Shigesato Itoi talks about the connection between real-life experience, human emotion, and video games.

Some titans of the video game industry built their legacies through a lifelong dedication to electronic entertainment, and have the lengthy resumes to match. Nintendo’s Shigeru Miyamoto’s touch can be found in Super Mario Bros., The Legend of Zelda, and Star Fox. Over at rival Sega, Yuji Naka created Sonic the Hedgehog, Night into Dreams, Samba de Amigo, Out Run, Virtua Fighter, and Shenmue, and Hideo Kojima crafted Snatcher, Policenauts, and a whole bunch of Metal Gear games for Konami.

But EarthBound (or Mother 2, as it’s known in Japan), one of the most deeply respected games in today’s fan community, was created by someone with almost no prior or subsequent involvement with the video game industry. Shigesato Itoi is primarily a copywriter and essayist, but he wrote and directed both EarthBound and its predecessor Mother, and also wrote the script for Mother 3. That’s the entire extent of his work with video games, though.
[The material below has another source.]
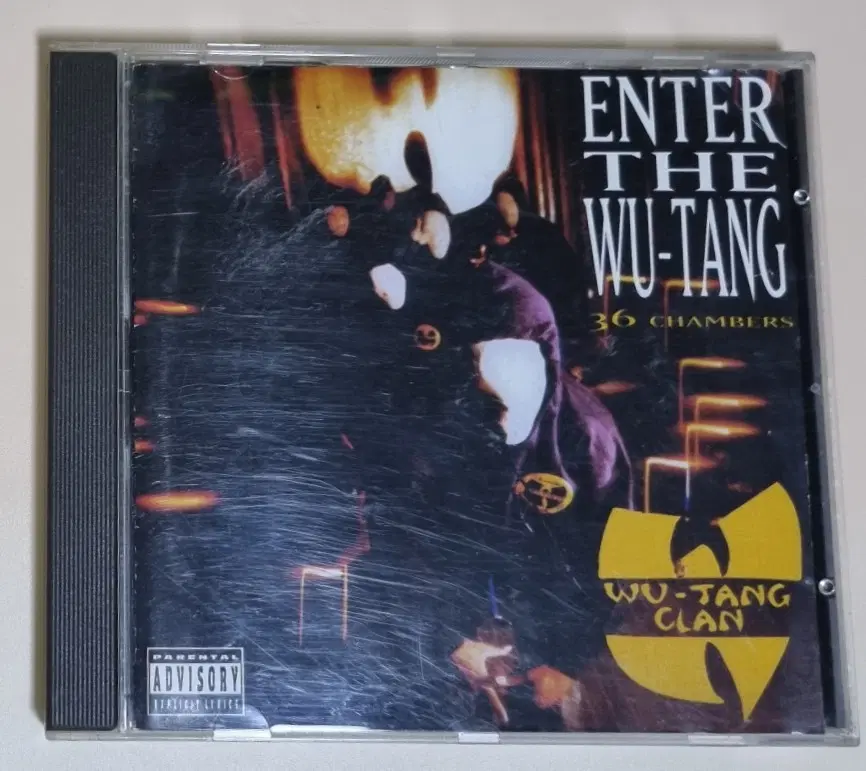 우탱 클랜 1집 Enter The Wu-Tang (개봉 CD)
Perhaps because of that, Itoi has a very unique perspective of what the purpose of games is, as shown in this quote from the director that appeared in a strategy guide for Mother 2, a photo of a page of which was shared by Japanese Twitter user @vjoe.

Itoi says:

“If someone says, ‘You’re lying, aren’t you?’, the only people who will feel nervous are the ones who’ve ever lied about something.

If you’ve ever been hit by a hardball traveling at 140 kilometers [87 miles] per hour, when you see a batter bravely stepping in close to swing at an inside pitch, you think ‘Wow, that guy’s amazing!’ But people who’ve never experienced getting hit by a pitch just say “That’s not so impressive.”

Basically, the world outside of video games is packed with things that make games interesting. Games are like a shovel that helps you unearth those treasures.”

EarthBound

“I read Itoi’s words when I was in elementary school,” recalls @vjoe, “and they’ve been in my heart ever since. I seriously believe that the people who get the most enjoyment out of fiction stories are the people who have a wide range of real-life experiences.”

The idea that authentic experiences are the best thing for creating compelling make-believe is something we’ve heard before from Gundam creator Yoshiyuki Tomino and Studio Ghibli co-founder Hayao Miyazaki. Itoi’s unique way of thinking, though, spins things around to the other perspective, asserting that consuming fiction through games becomes a more emotional endeavor when we have real-life experiences to draw from, and also that games can make us more attuned to the excitement and suspense of the world around us, and so maybe the reason he hasn’t made a game since Mother 3 is because he’s off having some of those non-game experiences himself.